El caso de Perdomo es conocido por todos: exigió 30 millones de pesos a un recluso a cambio de beneficios extraordinarios, como visitas familiares durante su extradición. La Procuraduría lo destituyó e inhabilitó por 17 años, señalando la falta de moralidad en su actuar, pero lo que pocos parecen preguntarse es si esto realmente cambia algo. ¿De verdad la destitución de un solo funcionario resuelve el problema de fondo? La respuesta es no. La corrupción en las cárceles colombianas es un problema sistémico que va mucho más allá de este caso aislado.
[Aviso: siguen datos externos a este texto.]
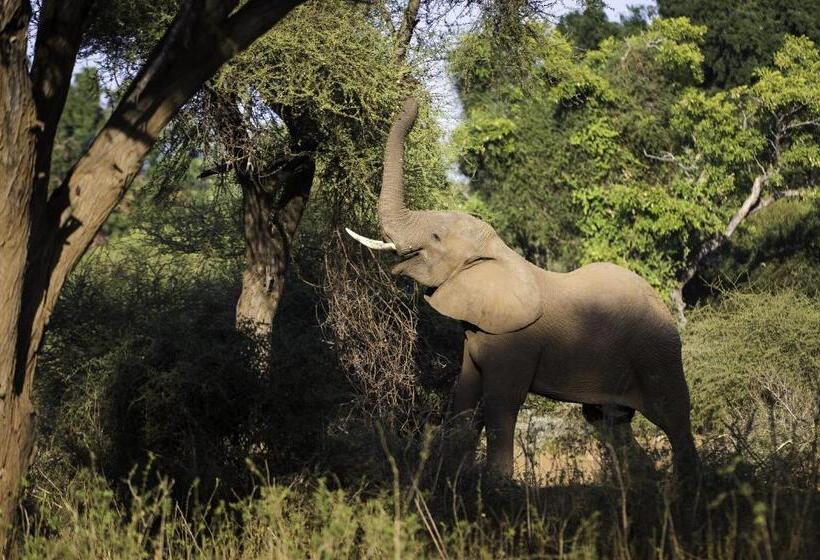 בית מלון כפרי The Outpost & Pel S Post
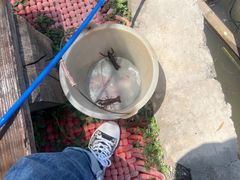 -同銮特种养殖场·龙虾垂钓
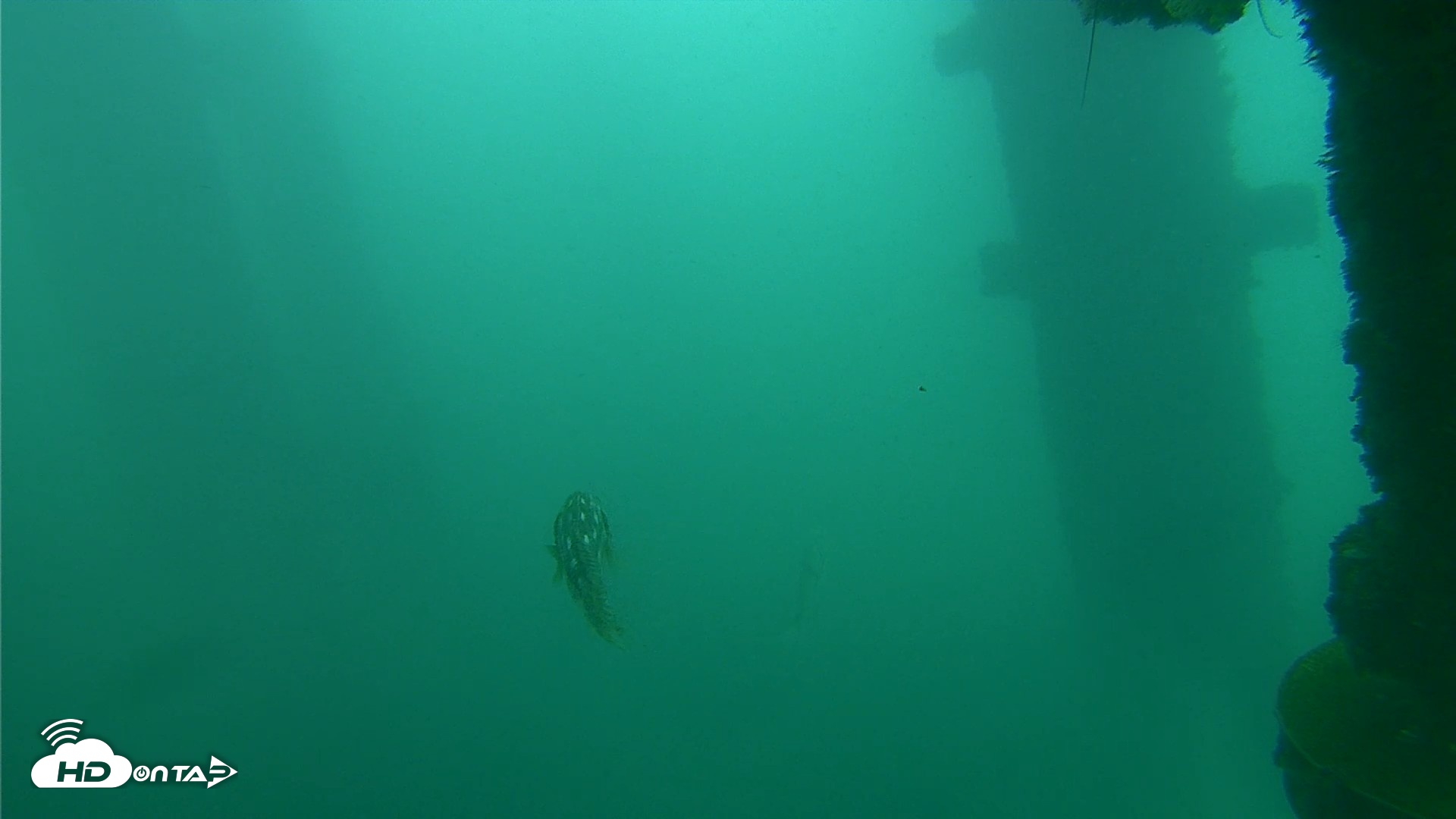 Snapshot of Scripps Pier Underwater Live Webcam taken Oct 11, 2026, 11:59am PDT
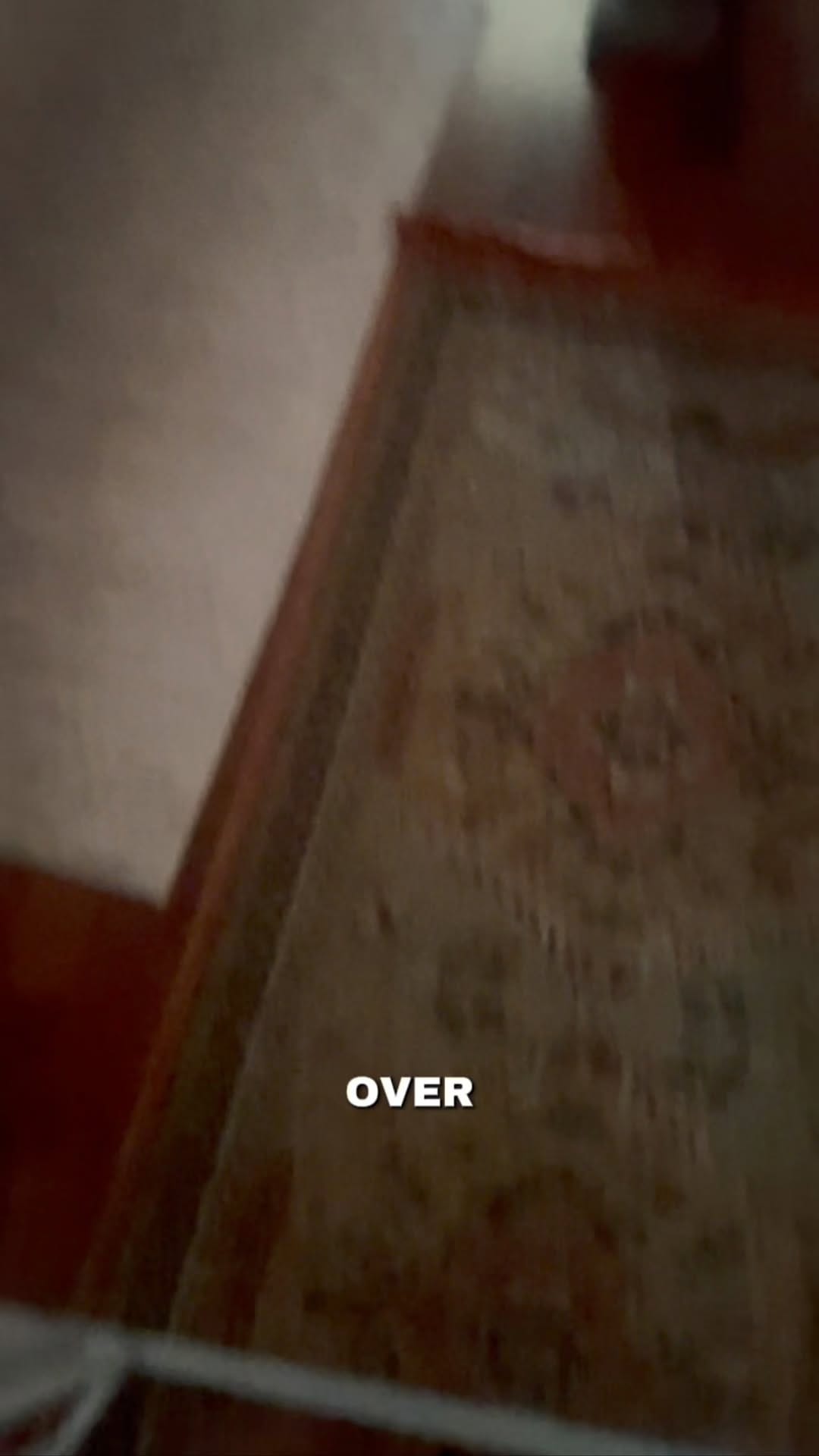 Post 6 by Smart Bitch | Nola Dog Trainer on Instagram (video)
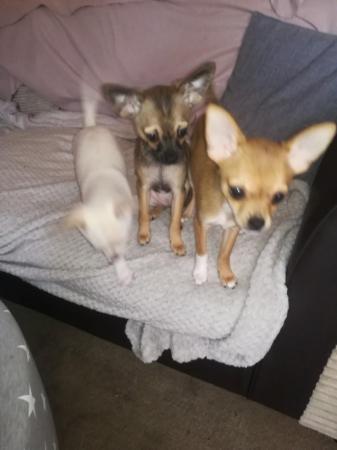 Image 7 of very small chihuahua pups for sale  only 1 boy n 1 girl left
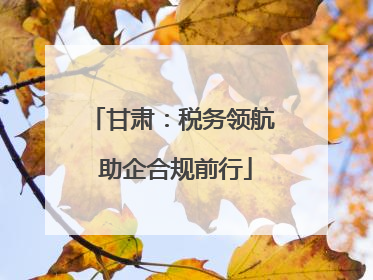甘肃：税务领航 助企合规前行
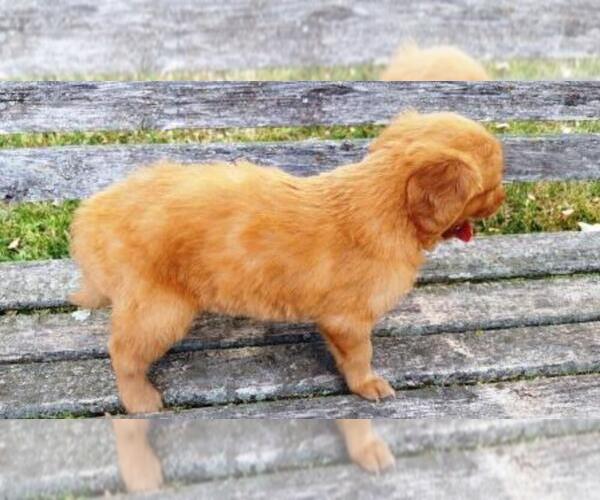 Medium Photo #4 Golden Retriever Puppy For Sale in LEON, KS, USA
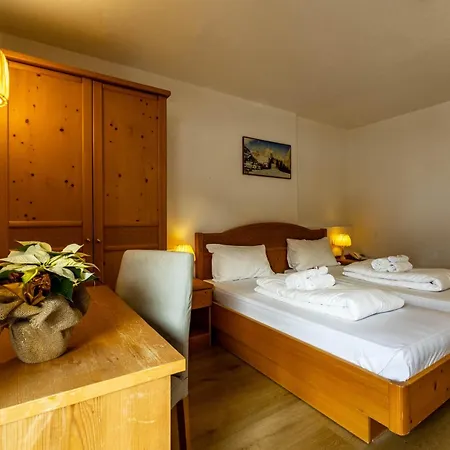 Grizzly Hotell 3*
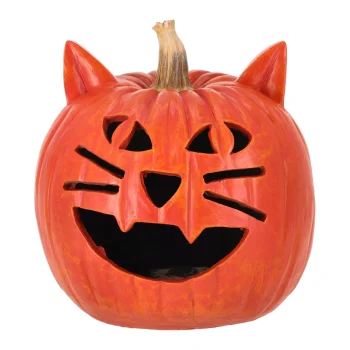 Fashion Van Cranenbroek Pompoen Halloween Kat LED 25 Cm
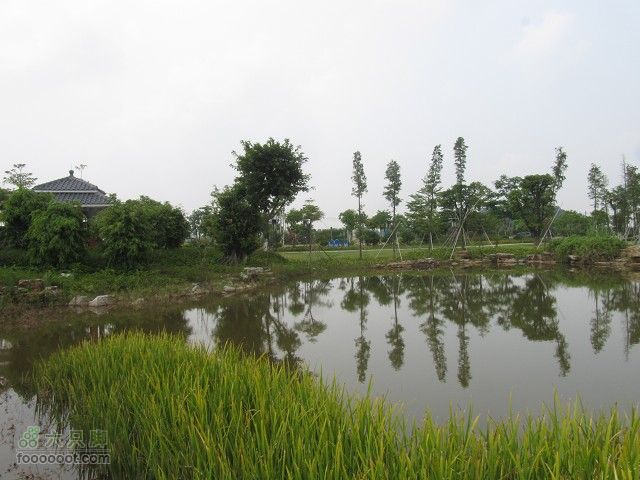 2011.8.7.海鸟聚会大学城顺游生物园及小州村IMG_4772_眸目压缩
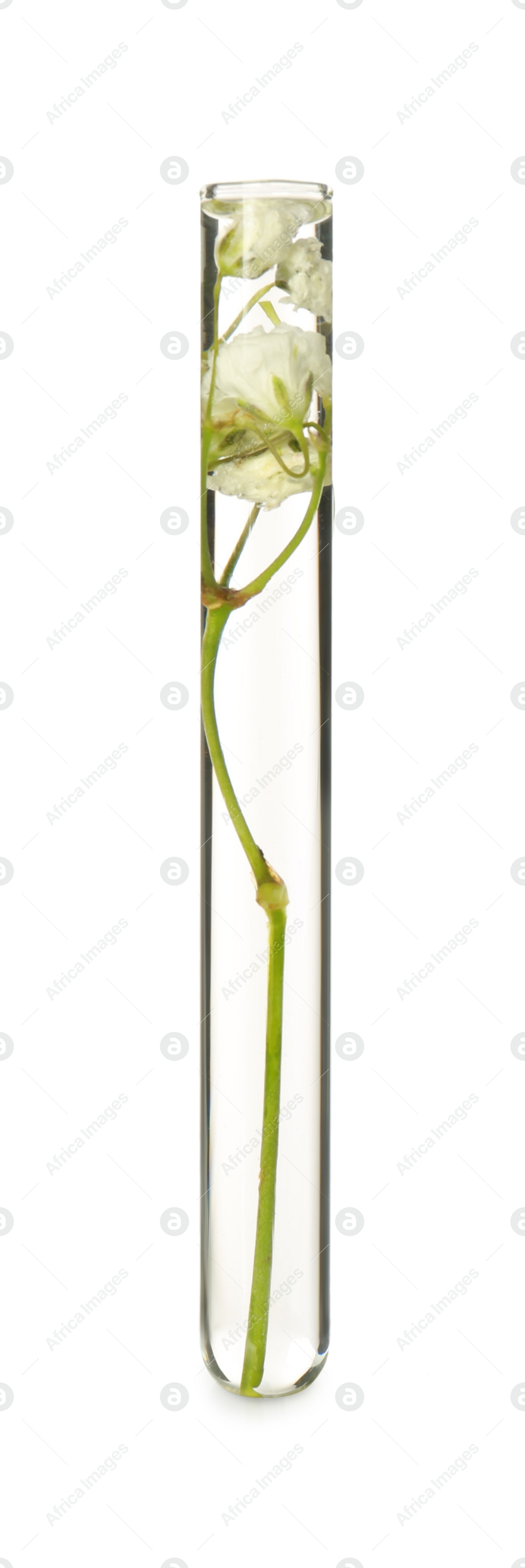 Photo of Gypsophila flowers in test tube on white background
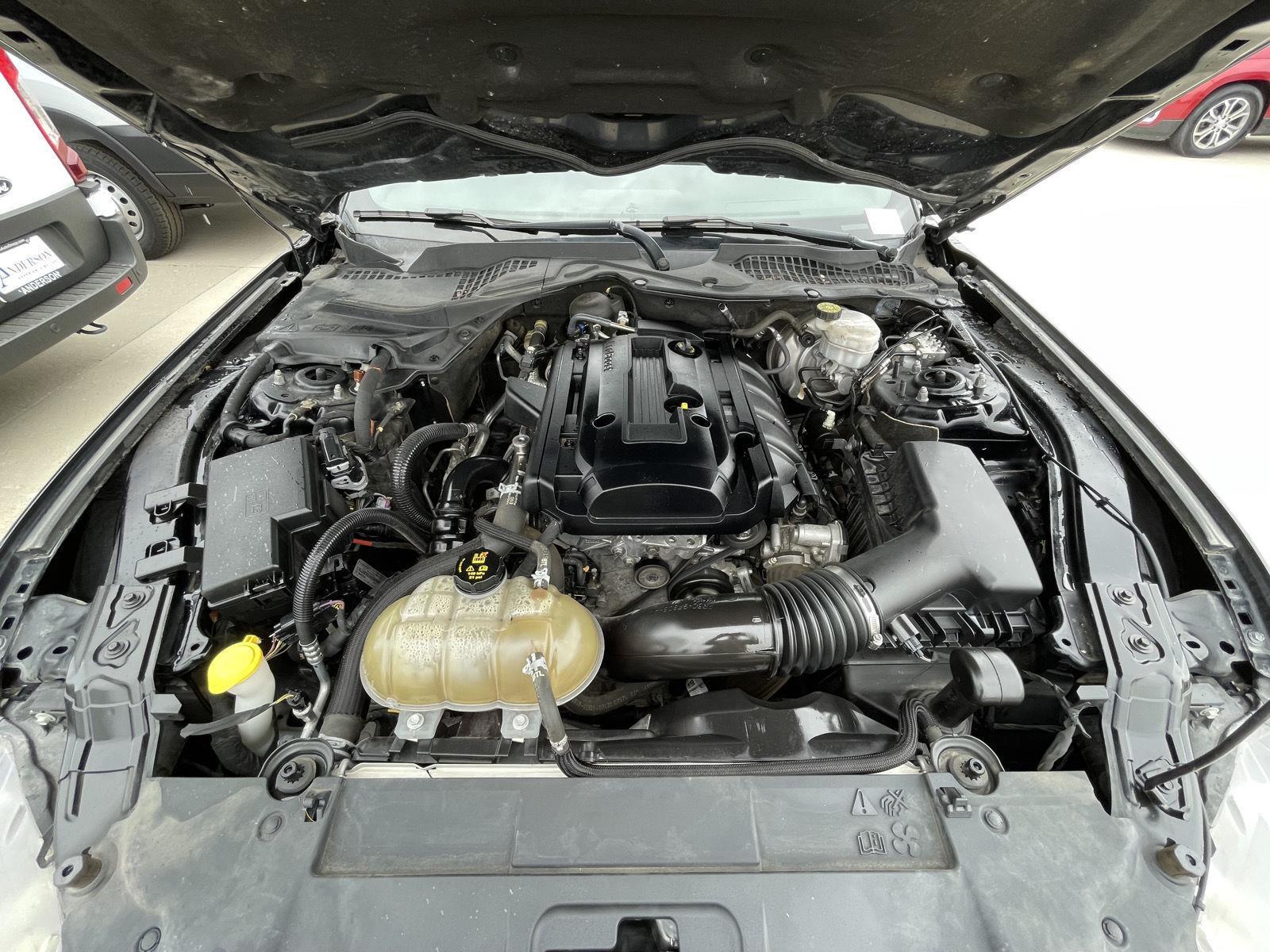 Vehicle photo 33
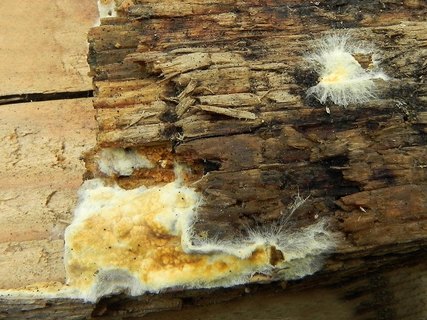 Serpula lacrymans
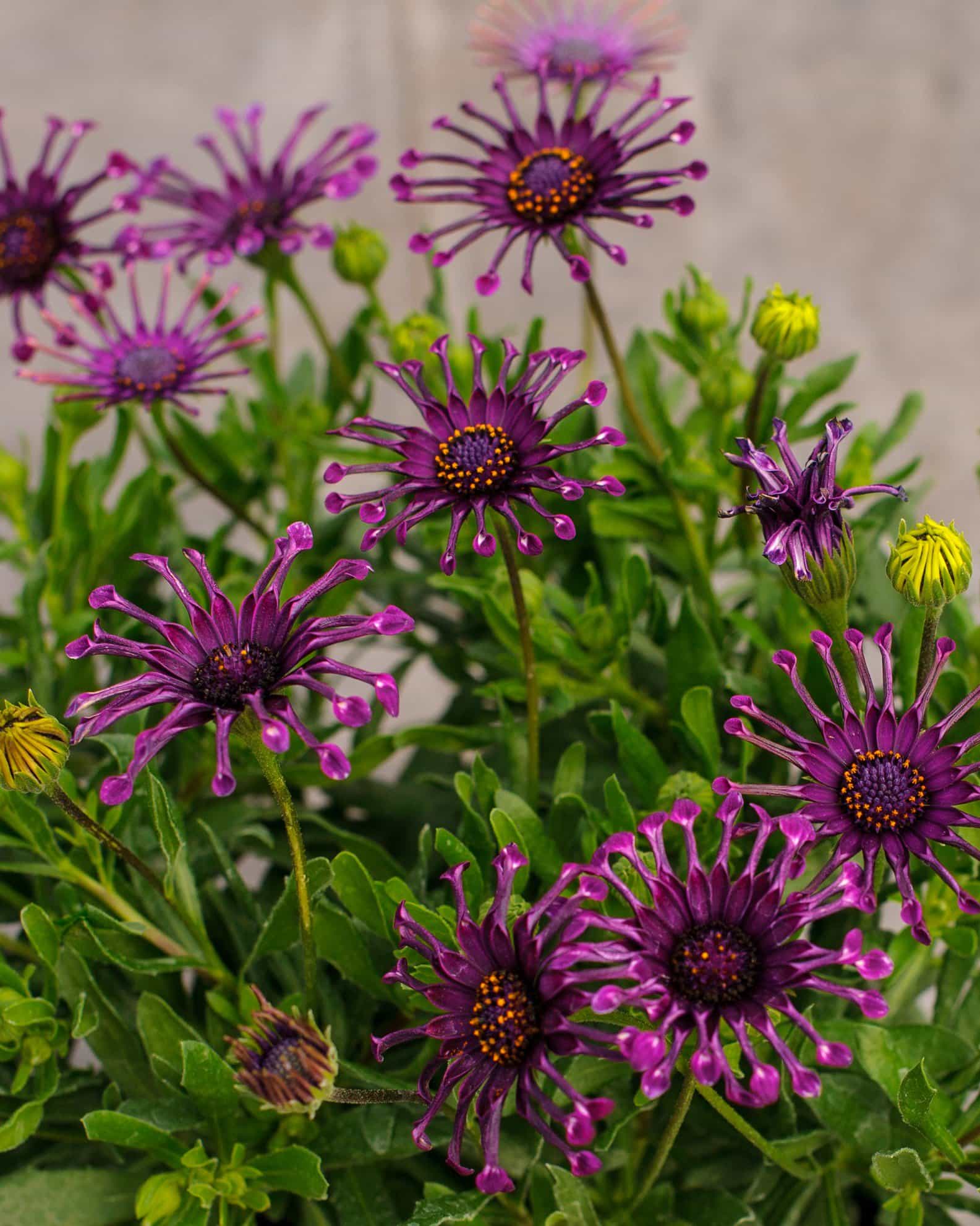 Spider Purple African Daisy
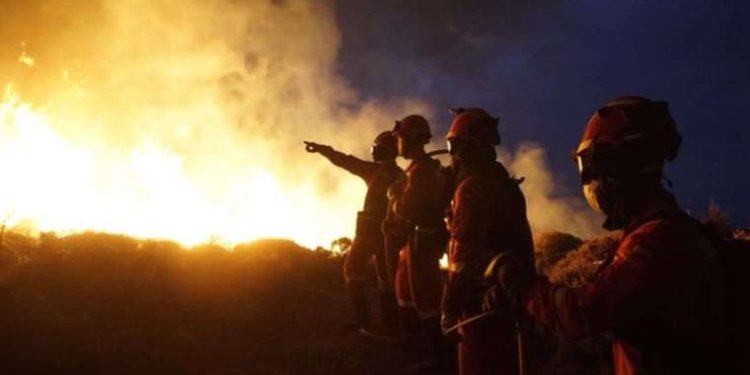 İspanya’nın Tenerife Adası’nda orman yangını: ‘Kasıtlı olarak çıkarıldı’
Cuando hablamos de corrupción, no nos referimos solo a individuos como Perdomo. Este caso es solo un reflejo de una estructura que permite que el poder se abuse, que los privilegios en las cárceles se otorguen a quienes tienen los medios para comprarlos, y que los que deberían estar en la cárcel, sean los mismos que gestionan el sistema. La red de complicidades dentro del Inpec y las instituciones judiciales no es nueva, ni está limitada a unos pocos funcionarios corruptos. Este es un círculo vicioso, que involucra desde jueces hasta agentes de la policía, pasando por abogados y, por supuesto, los mismos reclusos que tienen los recursos para negociar su libertad.
Luis Francisco Perdomo, al igual que muchos otros, no actuó en solitario. ¿Qué decir de la forma en que la transacción fue realizada en un restaurante de un hotel en Bogotá, sin ningún temor a ser descubierto? Esta escena habla más de la normalización de la corrupción dentro del sistema penitenciario que del error de un funcionario. Si Perdomo estaba tan confiado de que su acto quedaría impune, es porque sabía que no era el único que operaba de esa forma. Lo que está en juego aquí no es solo el comportamiento de un individuo, sino la falta de controles y de un sistema de vigilancia serio y efectivo que evite estos abusos.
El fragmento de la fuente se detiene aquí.